What started as a recharge services platform at an initial investment of $2 million in 2010 now commands a staggering valuation of $16 billion (Approx ₹1.15 lakh crores). The phenomenal growth story of Paytm is all set to take further strides with the company venturing into the small finance banking space.



Before we dig deeper let's understand the basic difference between traditional banks and payments bank.  The Reserve Bank of India conceptualized Payments banks as a new model for banks. These banks can accept a maximum deposit of ₹1,00,000 per customer. Also, they are not authorized to advance loans or issue credit cards. These banks primarily operate on a small scale and their main objective is to widen the spread of payment & financial services to SME's, MSME's, low income households, migrant labour workforce in secured technology driven environment.

Paytm payments bank was launched in May 2017 under a restricted banking license, at a time when standalone wallet players were loosing their sheen to due to limited uses. Since then, the bank was created a full fledged financial services ecosystem by offering various products such as current accounts, savings accounts, fixed deposits, debit cards, ticket bookings, utility payments, investments in financial instruments, food delivery and much more.

The MD and CEO of the bank, Mr. Satish Gupta expects to double it's savings account base to 100 million by the end of this financial year.  The bank has around ₹500 crore in the form of deposits in it's savings accounts.

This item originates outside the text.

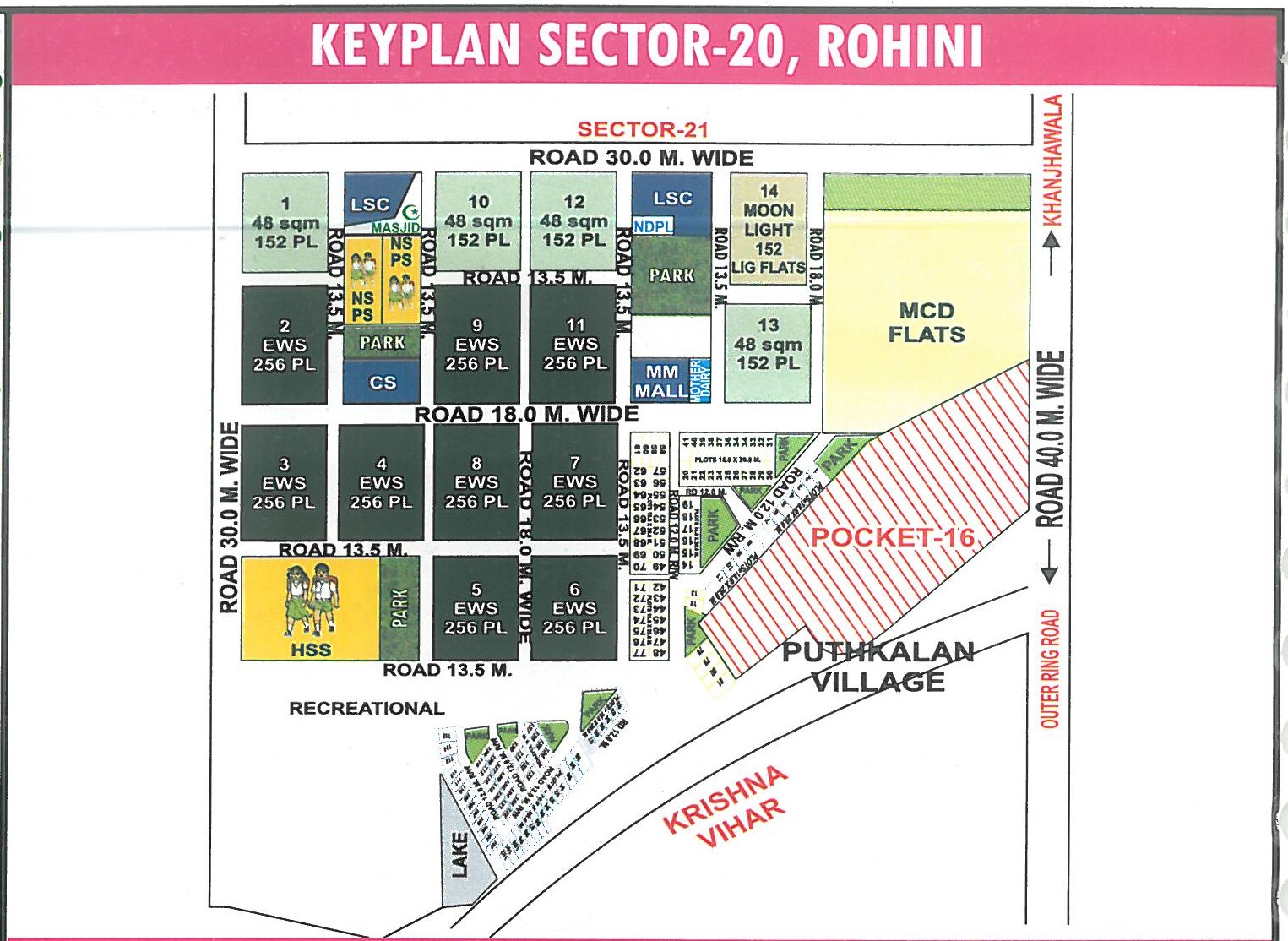 Sector 20 Rohini layout map - plot pocket plan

The payments bank entity also houses the e-wallet business which has more than ₹1700 crore of deposits in the financial year ended March, 2019. Paytm's strength lies in it's large user base, strong brand connect and wide customer reach. Paytm payments bank last week achieved the distinction of becoming India's largest issuer of FASTags ( electronic toll payment stickers) equipping over 1.85 million vehicles. The company claims to have a 60% market share in UPI ( United Payments Interface) based merchant payments as of June, 2019.  The bank currently has 250 million wallet accounts and expects to end this year with 350 million accounts.

If that's not enough let's not forget Paytm's deep pocketed investors, Alibaba and Softbank who ensure that even if the growth rate moderates, it has enough firepower to retain market leadership. 

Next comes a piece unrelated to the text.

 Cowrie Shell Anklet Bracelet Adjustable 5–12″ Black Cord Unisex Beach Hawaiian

Caution is the word on the street :

However, not everyone is as exuberant about the fortunes of payments bank as a sustainable business model.  In 2015, 11 entities had received licenses to start payment bank operations. However, five of them surrendered their licenses and another Aditya Birla Payments Bank shut it's operations in February last year.  The bank had mentioned that " unanticipated" developments in the business landscape made the economic model unviable and unsustainable.  

Experts believe the flaw lies in the regulation that payments bank cannot indulge in lending operations. Income from other activities forms a very small percentage of the total profits. The ' other income' component can only be an icing on the cake for banks. Their moot lies in lending. It is not possible for payments banks to survive merely on commission earned on making remittances. Further, even the deposit portfolio is restricted to a meagre figure of a lakh.

Apart from CRR, the banks also have to invest a minimum of 75% of their demand deposits in government securities for maintenance of SLR. A maximum of 25% can be invested in fixed & current deposits of other scheduled banks. These prescriptions do not offer much yield income to the bank. Adding to it, the deposits mobilized by the bank are covered under the deposit scheme and hence the bank has to pay guarantee commissions as well.

The paid-up equity capital for payments banks should not be less than ₹100 crore & the bank should have a leverage ratio of not less than 3%.


Future course of action : 

All these restrictions do not leave much on the table for the bank or it's promoters . Hence Paytm payments bank went ahead with it's decision despite all the naysayers & has applied for a small finance banking license from the RBI along the lines of India Post payments bank. This development follows a $1 billion fund raise by Paytm for a major play in lending & financing services.

According to Vijay Shekhar Sharma, higher distribution outreach backed by technology enabled low cost operations shall lead to a profitable growth model. If all goes as per plans the company will look to hit the bourses by 2022.